The Dawn: Oct 3, 2022

Punjab Notes: New urban spaces: inbuilt social loneliness

Mushtaq Soofi 

“We sat, an easy generation, in houses held to be indestructible (Thus we built those tall boxes on the island of Manhattan and those thin aerials that amuse the Atlantic swell) / Of those cities will remain what passed through them, the wind,” says Bertolt Brecht in one of his poems about modern cities.

We see all around us mushrooming of new residential colonies which can be described as something eerily odd, something that is between city and non-city in the sense of it being neither inheriting the ethos of a city nor that of a town in the socio-cultural sense.

New housing societies with pompously funny sounding names are hastily-baked products of mutually profitable collusion between state officials and property sharks who happily exploit the burgeoning populations. Added factor is the migration of people in search of better life from countryside to urban and peri-urban areas. The land is bought cheap and after developing it, real estate developers make a quick buck by selling it at an exorbitant price.

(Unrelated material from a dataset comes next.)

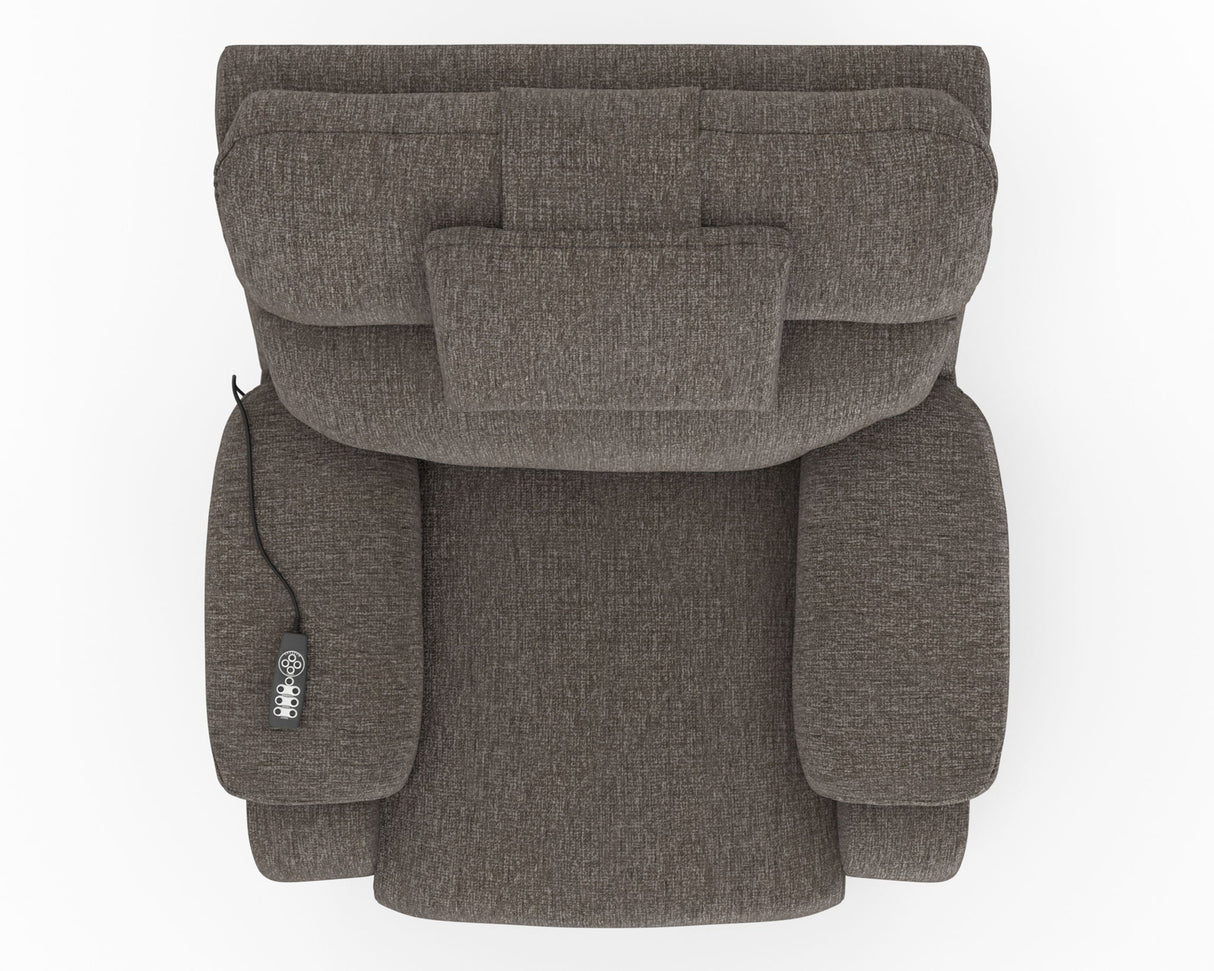 Snoozer - Power Lift Power Headrest Lay Flat Recliner With CR3 Heat / Massage / Zero Gravity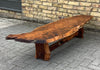 Vintage Yew Coffee Table 1960s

Two distinct groups usually buy properties, one from the highly congested existing cities and other from rural areas. They seem to be polar opposites in their way of living and cultural habits but are compelled by the force of socio-economic conditions to live in new environments in unsettling close proximity. Both the groups carry deeply embedded values and social habits of their respective communities which are specific and sadly appear to contradict each other as they are outcome of different conditions. Both the groups when lumped together face an uncomfortable situation; they are at loss how to measure up each other. Thus they are clueless as how to interact with each other socially and culturally. The urban suave find the people from rural regions “paindu” which literally means people from the villages but carries a sense of superiority insinuating rough manners and low level cerebral activities of rural folks.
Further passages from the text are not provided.